Photo: Flickr via mancosu
Some people’s willingness to accept income inequality has everything to do with their perception of choice, Pacific Standard’s Tom Jacobs reports.Psychologists Krishna Savani of Columbia Business School and Aneeta Rattan of Stanford University expand on the topic in a study published by Psychological Science:
“The concept of choice makes people less disturbed by facts about existing wealth inequality in the United States, more likely to underestimate the role of societal factors in individuals’ successes, less likely to support the redistribution of educational resources, and less likely to support raising taxes on the rich—even if doing so would help resolve a budget deficit crisis.
Thinking in terms of choice, we argue, activates the belief that life outcomes stem from personal agency, not societal factors, and thereby leads people to justify wealth inequality.”
In layman’s terms, we make peace with the idea that some people are destitute and others are well-off because of personal choices, rather than any possible chinks in our economical and societal armour.
Here’s how Rattan and Savani came to that conclusion:
They used six different experiments, giving half the participants in each experiment a different task.
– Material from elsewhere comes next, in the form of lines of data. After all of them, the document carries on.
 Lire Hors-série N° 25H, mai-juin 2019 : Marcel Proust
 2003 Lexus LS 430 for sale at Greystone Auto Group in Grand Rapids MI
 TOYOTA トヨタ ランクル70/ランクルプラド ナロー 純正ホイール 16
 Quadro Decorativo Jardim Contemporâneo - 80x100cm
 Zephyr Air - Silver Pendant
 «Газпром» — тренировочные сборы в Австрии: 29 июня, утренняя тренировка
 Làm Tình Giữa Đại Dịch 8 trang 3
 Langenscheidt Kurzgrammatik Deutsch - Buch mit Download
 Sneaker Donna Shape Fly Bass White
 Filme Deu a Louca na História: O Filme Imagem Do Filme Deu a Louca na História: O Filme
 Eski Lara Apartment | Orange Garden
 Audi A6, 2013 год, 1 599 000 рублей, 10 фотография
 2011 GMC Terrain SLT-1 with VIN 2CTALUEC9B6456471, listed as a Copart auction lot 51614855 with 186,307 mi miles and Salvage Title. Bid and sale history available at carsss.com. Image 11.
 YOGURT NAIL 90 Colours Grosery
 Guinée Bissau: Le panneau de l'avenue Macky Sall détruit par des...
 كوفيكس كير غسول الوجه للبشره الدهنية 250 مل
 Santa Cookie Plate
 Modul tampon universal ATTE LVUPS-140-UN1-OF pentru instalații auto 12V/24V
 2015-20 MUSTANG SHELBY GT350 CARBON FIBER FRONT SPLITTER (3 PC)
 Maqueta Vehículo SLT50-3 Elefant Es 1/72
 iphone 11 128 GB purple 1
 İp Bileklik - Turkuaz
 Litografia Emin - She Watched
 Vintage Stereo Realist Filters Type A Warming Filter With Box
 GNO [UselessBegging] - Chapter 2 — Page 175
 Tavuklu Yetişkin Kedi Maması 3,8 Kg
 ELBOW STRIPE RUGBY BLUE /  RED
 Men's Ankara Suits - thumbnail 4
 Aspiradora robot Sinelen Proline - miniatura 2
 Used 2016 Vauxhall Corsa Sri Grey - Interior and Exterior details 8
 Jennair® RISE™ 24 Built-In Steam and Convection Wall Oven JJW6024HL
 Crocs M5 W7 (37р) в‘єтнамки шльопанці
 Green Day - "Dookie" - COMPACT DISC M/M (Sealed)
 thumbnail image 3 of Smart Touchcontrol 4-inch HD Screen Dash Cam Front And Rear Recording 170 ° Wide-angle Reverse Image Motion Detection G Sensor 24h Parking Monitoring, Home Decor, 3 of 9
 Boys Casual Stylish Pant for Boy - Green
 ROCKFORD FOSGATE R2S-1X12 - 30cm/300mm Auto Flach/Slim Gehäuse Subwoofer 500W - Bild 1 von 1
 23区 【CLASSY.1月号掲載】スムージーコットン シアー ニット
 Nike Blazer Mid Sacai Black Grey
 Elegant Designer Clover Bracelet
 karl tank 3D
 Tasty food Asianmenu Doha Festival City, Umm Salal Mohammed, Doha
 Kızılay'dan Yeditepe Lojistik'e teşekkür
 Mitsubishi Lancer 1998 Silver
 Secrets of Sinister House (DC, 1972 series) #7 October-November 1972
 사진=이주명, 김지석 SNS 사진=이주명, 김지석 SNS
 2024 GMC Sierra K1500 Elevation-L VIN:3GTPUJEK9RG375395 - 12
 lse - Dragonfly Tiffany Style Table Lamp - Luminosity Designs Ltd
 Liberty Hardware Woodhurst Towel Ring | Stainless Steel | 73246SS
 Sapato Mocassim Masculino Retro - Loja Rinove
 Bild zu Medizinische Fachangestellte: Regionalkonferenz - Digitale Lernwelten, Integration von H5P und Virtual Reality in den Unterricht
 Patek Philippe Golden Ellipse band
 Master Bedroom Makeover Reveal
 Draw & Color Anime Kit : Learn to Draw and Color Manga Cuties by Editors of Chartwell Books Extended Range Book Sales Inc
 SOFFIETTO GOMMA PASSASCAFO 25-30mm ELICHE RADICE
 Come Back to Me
One half were asked to list out a series of choices they’d made over the last 24 hours. The other half were just asked to do something that involved no choice-making.
Afterward, researchers ran through 10 different scenarios illustrating income disparity (i.e.: “Between 1990 and 2010, the average worker’s salary has risen less than 5 per cent, while the average CEO’s salary has risen by 500 per cent.”) to gauge their reaction.
What they found was that people who’d been forced to mull over choices were far less disturbed by news of income inequality and less-inclined to support programs that benefited the poor. For example, they might back a student aid program but not one targeting low-income students only.
“These findings indicate that the culturally valued concept of choice contributes to the maintenance of wealth inequality,” the researches conclude.
It’s an interesting point at a time when the gap between America’s rich and poor grows ever wider.
Between 2005 and 2009, the richest 10% in the country saw their wealth expand from 49% to 56%, according to a survey released last year by Pew Charitable Trusts. Of more than 2,000 adults surveyed, the majority said they felt wealthy citizens simply knew the right people or were born into money.
As a result, two-thirds of consumers said there are “very strong” or “strong” conflicts between the rich and the poor–up 19% from the same report just two years ago.